Is there a Pythonic way to validate whether a string represents a floating-point number (any input that would be recognizable by float(), e.g. -1.6e3), without converting it (and, ideally, without resorting to throwing and catching exceptions)?
Previous questions have been submitted about how to check if a string represents an integer or a float. Answers suggest using try...except clauses together with the int() and float() built-ins, in a user-defined function.
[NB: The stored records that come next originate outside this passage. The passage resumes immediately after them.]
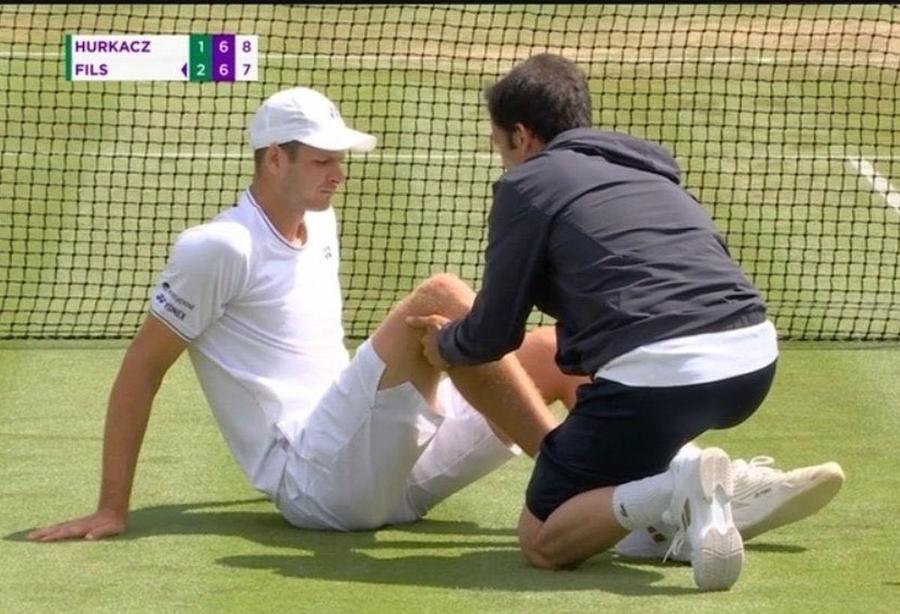 Hubert Hurkacz, nevoit să abandoneze în turul 2 la Wimbledon » Accidentare stupidă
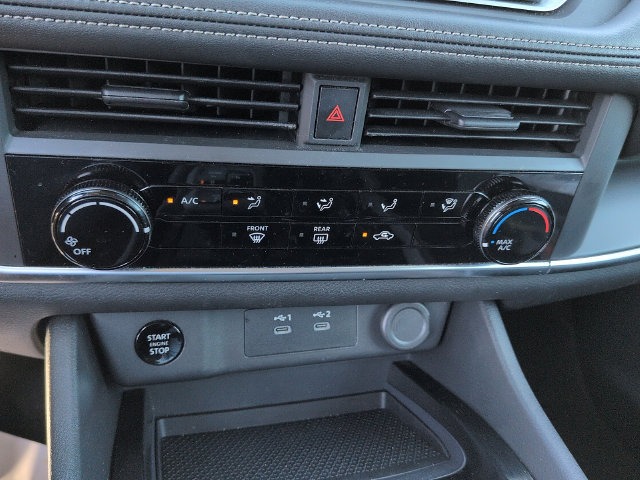 Used 2025 Nissan Rogue S FWD image 21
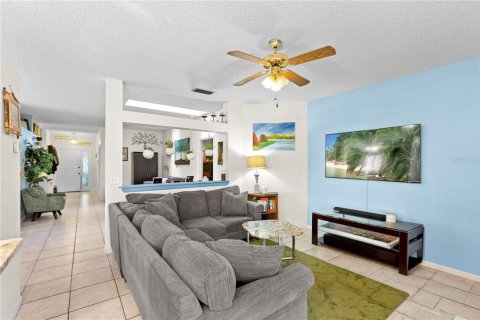 House in Apopka, Florida 3 bedrooms, 151.62 sq.m. № 2203511 - photo 4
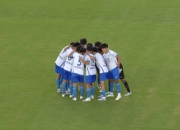 爱游戏在线-紧张气氛下，球员们备战比赛，全力以赴争夺荣耀！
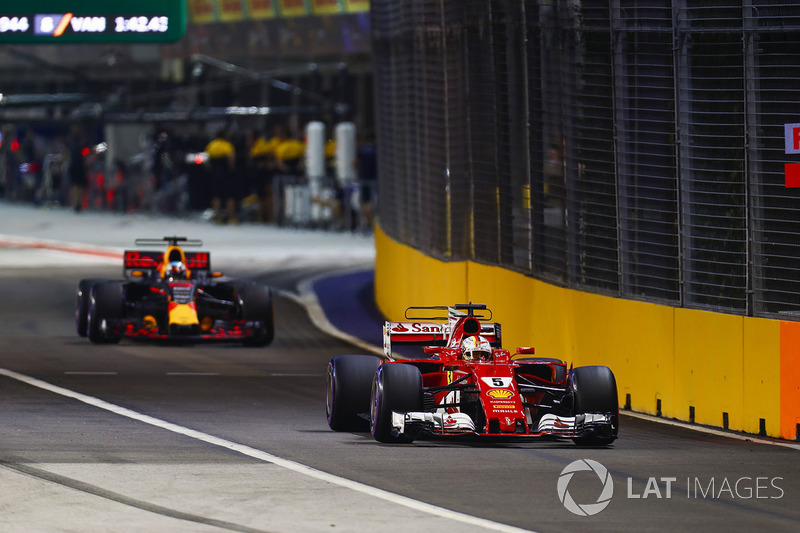Sebastian Vettel, Ferrari SF70H, Daniel Ricciardo, Red Bull Racing RB13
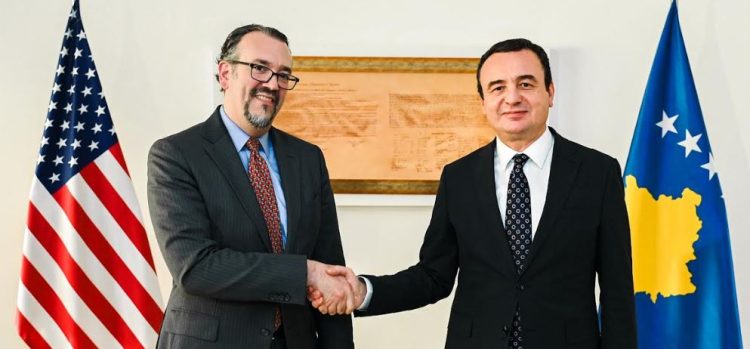 Osmani priti në takim lamtumirës komandantin e KFOR-it, Özkan Ulutaş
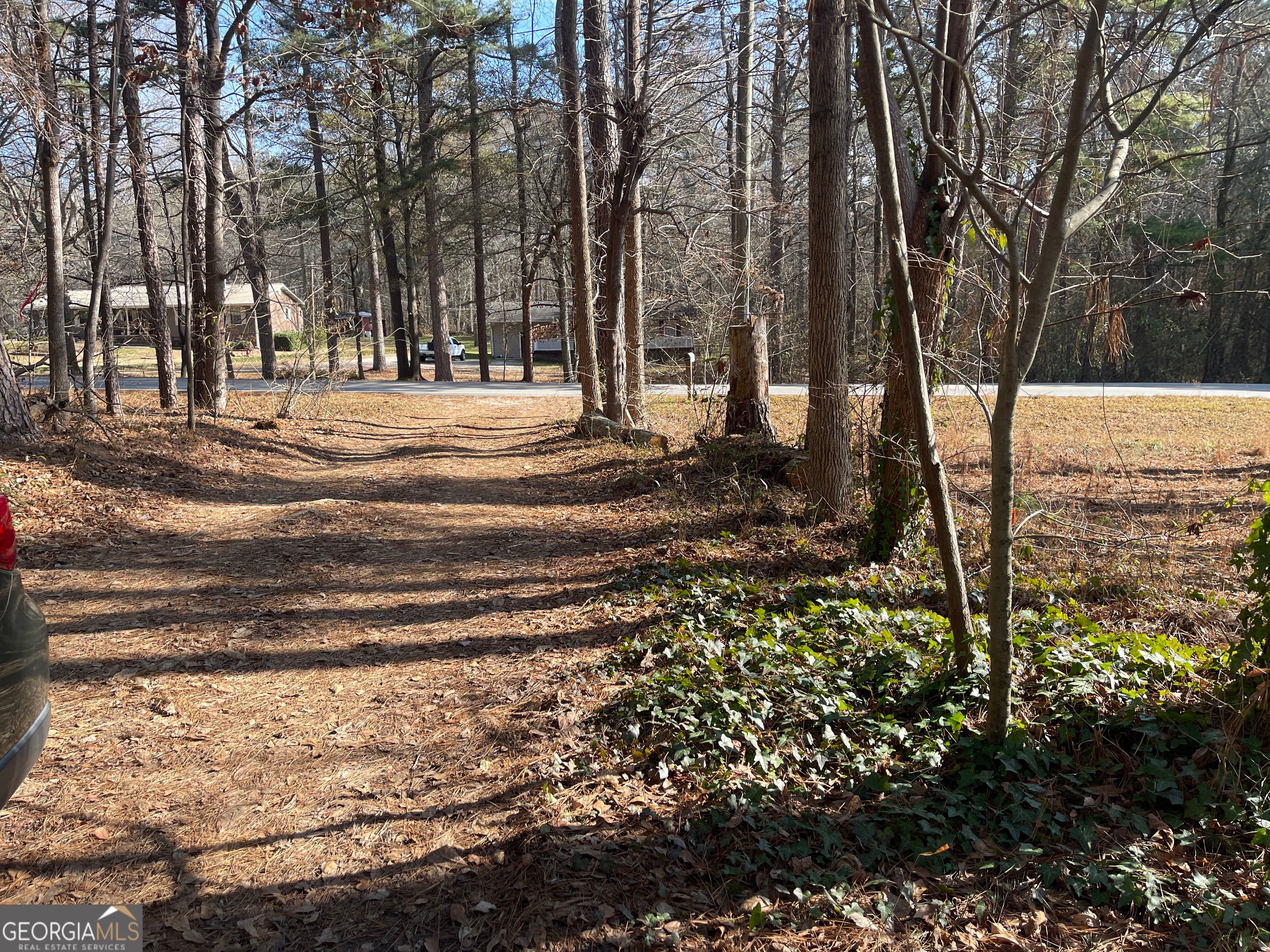 1811 McNutt Creek RD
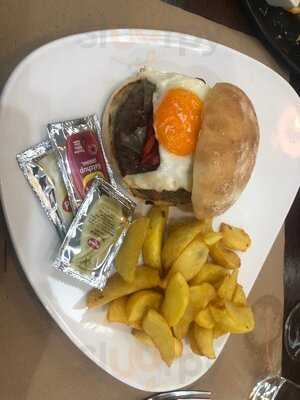 Urbieta 27 Restaurant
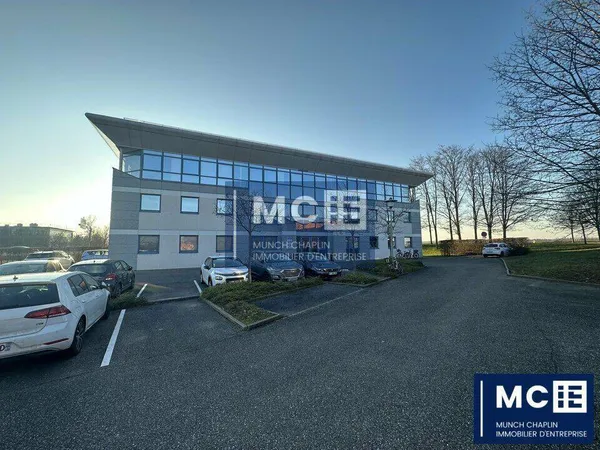 Bureau 534 m²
However, these haven't properly addressed the issue of speed. While using the try...except idiom for this ties the conversion process to the validation process (to some extent rightfully), applications that go over a large amount of text for validation purposes (any schema validator, parsers) will suffer from the overhead of performing the actual conversion. Besides the slowdown due to the actual conversion of the number, there is also the slowdown caused by throwing and catching exceptions. This GitHub gist demonstrates how, compared to user-defined validation only, built-in conversion code is twice as costly (compare True cases), and exception handling time (False time minus True time for the try..except version) alone is as much as 7 validations. This answers my question for the case of integer numbers.
Valid answers will be: functions that solve the problem in a more efficient way than the try..except method, a reference to documentation for a built-in feature that will allow this in the future, a reference to a Python package that allows this now (and is more efficient than the try..except method), or an explanation pointing to documentation of why such a solution is not Pythonic, or will otherwise never be implemented. Specifically, to prevent clutter, please avoid answers such as 'No' without pointing to official documentation or mailing-list debate, and avoid reiterating the try..except method.
As #John mentioned in a comment, this appears as an answer in another question, though it is not the accepted answer in that case. Regular expressions and the fastnumbers module are two solutions to this problem.
However, it's duly noted (as #en_Knight did) that performance depends largely on the inputs. If expecting mostly valid inputs, then the EAFP approach is faster, and arguably more elegant. If you don't know what to input to expect, then LBYL might be more appropriate. Validation, in essence, should expect mostly valid inputs, so it's more appropriate for try..except.
The fact is, for my use case (and as the writer of the question it bears relevance) of identifying types of data in a tabular data file, the try..except method was more appropriate: a column is either all float, or, if it has a non-float value, from that row on it's considered textual, so most of the inputs actually tested for float are valid in either case. I guess all those other answers were on to something.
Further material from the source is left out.